In information theory, the term *information* is used in a special sense; it is a measure of the freedom of choice with which a message is selected from the set of all possible messages. Information is thus distinct from meaning, since it is entirely possible for a string of nonsense words and a meaningful sentence to be equivalent with respect to information content.

**Measurement of Information Content**

Numerically, information is measured in bits (short for *binary digit*; see binary system). One bit is equivalent to the choice between two equally likely choices. For example, if we know that a coin is to be tossed but are unable to see it as it falls, a message telling whether the coin came up heads or tails gives us one bit of information. When there are several equally likely choices, the number of bits is equal to the logarithm of the number of choices taken to the base two. For example, if a message specifies one of sixteen equally likely choices, it is said to contain four bits of information. When the various choices are not equally probable, the situation is more complex.
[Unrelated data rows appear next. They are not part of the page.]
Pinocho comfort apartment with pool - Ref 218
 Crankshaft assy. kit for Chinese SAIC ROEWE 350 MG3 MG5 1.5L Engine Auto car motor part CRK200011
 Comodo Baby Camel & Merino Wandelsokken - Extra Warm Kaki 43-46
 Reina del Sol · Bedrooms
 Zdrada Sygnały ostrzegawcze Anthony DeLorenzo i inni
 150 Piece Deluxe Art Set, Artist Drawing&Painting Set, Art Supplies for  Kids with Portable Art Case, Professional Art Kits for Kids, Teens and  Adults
Interestingly, the mathematical expression for information content closely resembles the expression for entropy in thermodynamics. The greater the information in a message, the lower its randomness, or
"noisiness,"
and hence the smaller its entropy. Since the information content is, in general, associated with a source that generates messages, it is often called the entropy of the source. Often, because of constraints such as grammar, a source does not use its full range of choice. A source that uses just 70% of its freedom of choice would be said to have a relative entropy of 0.7. The redundancy of such a source is defined as 100% minus the relative entropy, or, in this case, 30%. The redundancy of English is estimated to be about 50%; i.e., about half of the elements used in writing or speaking are freely chosen, and the rest are required by the structure of the language.

**Analysis of the Transfer of Messages through Channels**

A message proceeds along a channel from the source to the receiver; information theory defines for any given channel a limiting capacity or rate at which it can carry information, expressed in bits per second. In general, it is necessary to process, or encode, information from a source before transmitting it through a given channel. For example, a human voice must be encoded before it can be transmitted by telephone. An important theorem of information theory states that if a source with a given entropy feeds information to a channel with a given capacity, and if the source entropy is less than the channel capacity, a code exists for which the frequency of errors may be reduced as low as desired. If the channel capacity is less than the source entropy, no such code exists.
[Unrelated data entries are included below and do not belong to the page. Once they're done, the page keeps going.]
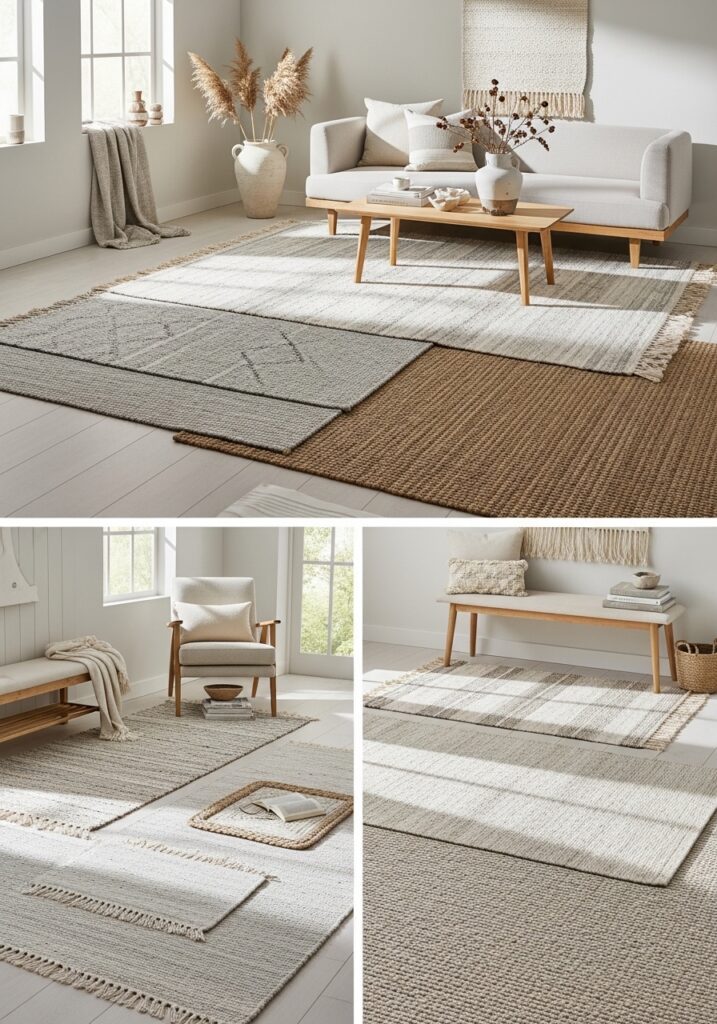 Textured Rugs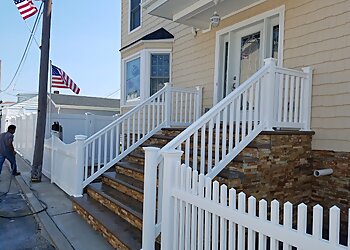 New York Fencing Contractors J R Fencing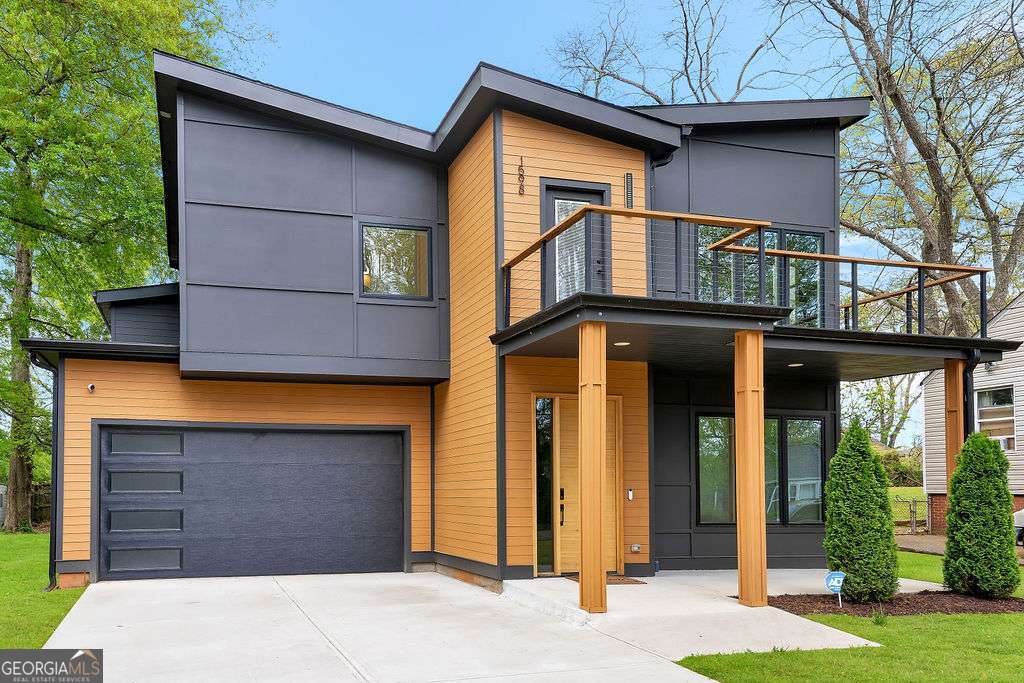 1598 Athens Avenue SW Atlanta GA 30310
The theory further shows that noise, or random disturbance of the channel, creates uncertainty as to the correspondence between the received signal and the transmitted signal. The average uncertainty in the message when the signal is known is called the equivocation. It is shown that the net effect of noise is to reduce the information capacity of the channel. However, redundancy in a message, as distinguished from redundancy in a source, makes it more likely that the message can be reconstructed at the receiver without error. For example, if something is already known as a certainty, then all messages about it give no information and are 100% redundant, and the information is thus immune to any disturbances of the channel. Using various mathematical means, Shannon was able to define channel capacity for continuous signals, such as music and speech.**Bibliography**

See C. E. Shannon and W. Weaver, *The Mathematical Theory of Communication* (1949); M. Mansuripur, *Introduction to Information Theory* (1987); J. Gleick, *The Information: A History, a Theory, a Flood* (2011).